== TASK DATA
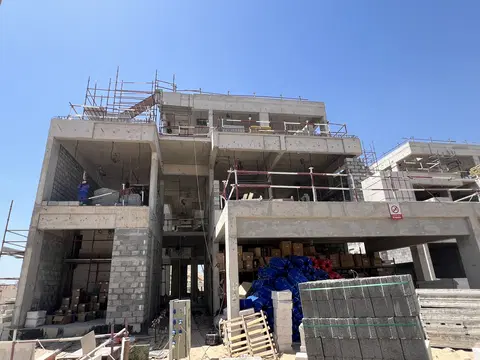 Ход строительства The Waterside Villas By Ellington, Majan — 9 июня 2026, готовность 31,74%, снимок 6 из 8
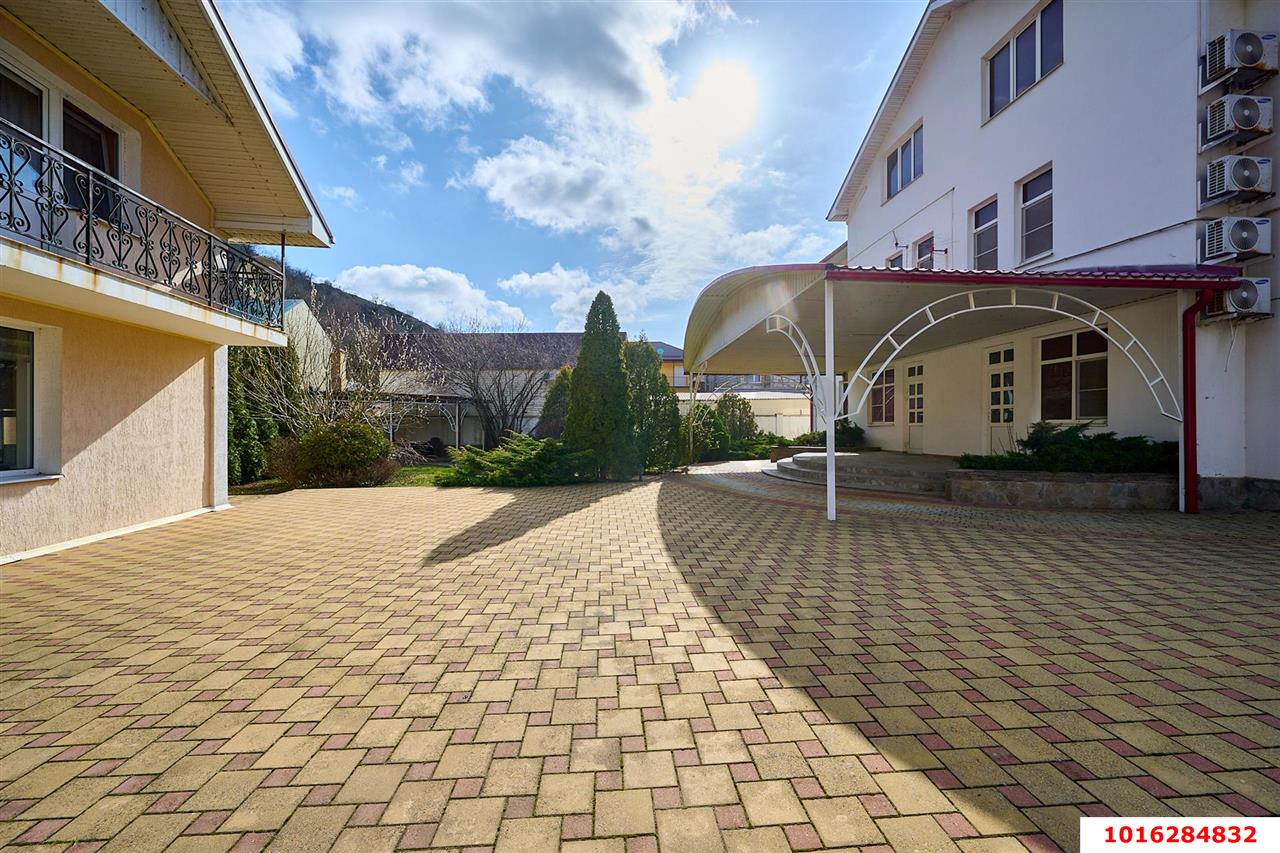 Фото №10: Дом 453 м² + 5 сот. - Архипо-Осиповка, ул. Гоголя, 25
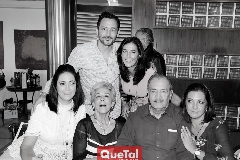  Alfredo, Alejandra, Ana Luisa, Margarita, Alfredo y Margo Lujambio.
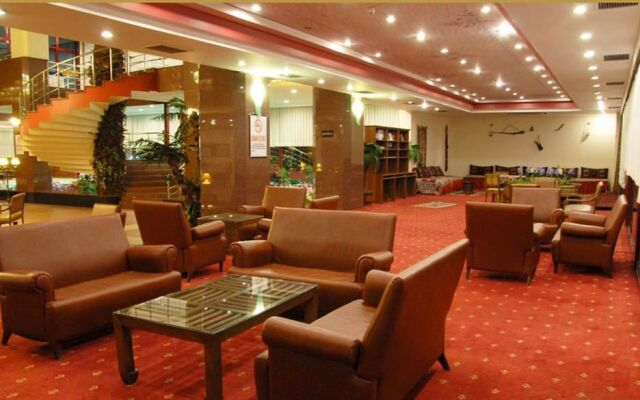 Saffron Hotel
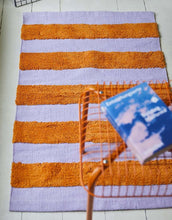 Laden Sie das Bild in den Galerie-Viewer, Teppich Biobaumwolle Sugar 70x140 I Lila/Orange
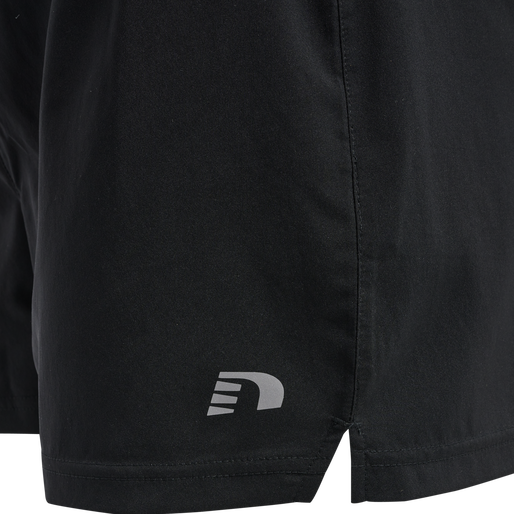 WOMEN CORE RUNNING SHORTS, BLACK, packshot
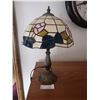 Image 2 : Stained Glass Lamp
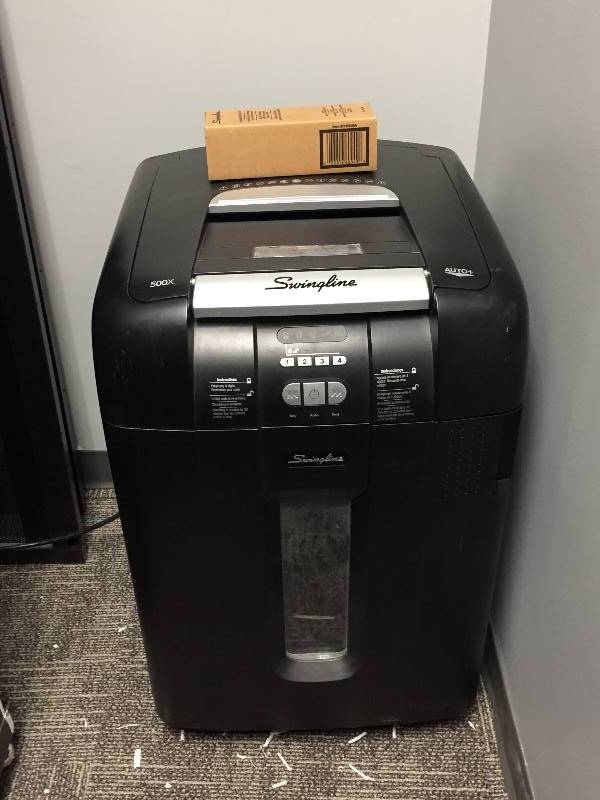 lot 55 image: Swingline 500X Shredder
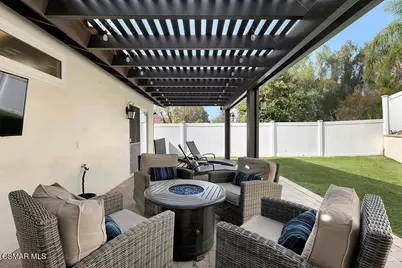 260 Greenmeadow Drive, Thousand Oaks, CA 91320 - Photo 41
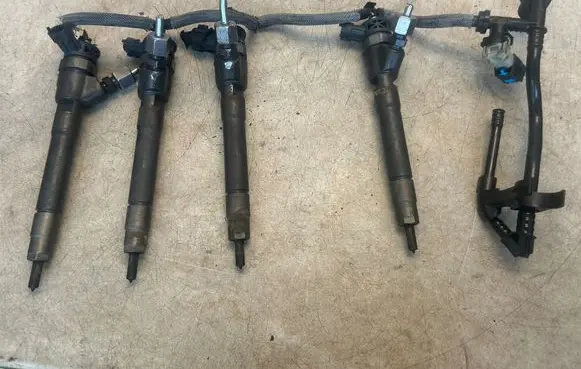 Opel Vivaro Fuel injector H8201055367 0445110414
====
WHAT YOU WILL DO:
Your answer must be exactly the lines from the one with "WOMEN CORE RUNNING SHORTS, BLACK, packshot" through the final line of the data, with no pictures in it.

RESPONSE FOR THIS EXERCISE:
 WOMEN CORE RUNNING SHORTS, BLACK, packshot
 Image 2 : Stained Glass Lamp
 lot 55 image: Swingline 500X Shredder
 260 Greenmeadow Drive, Thousand Oaks, CA 91320 - Photo 41
 Opel Vivaro Fuel injector H8201055367 0445110414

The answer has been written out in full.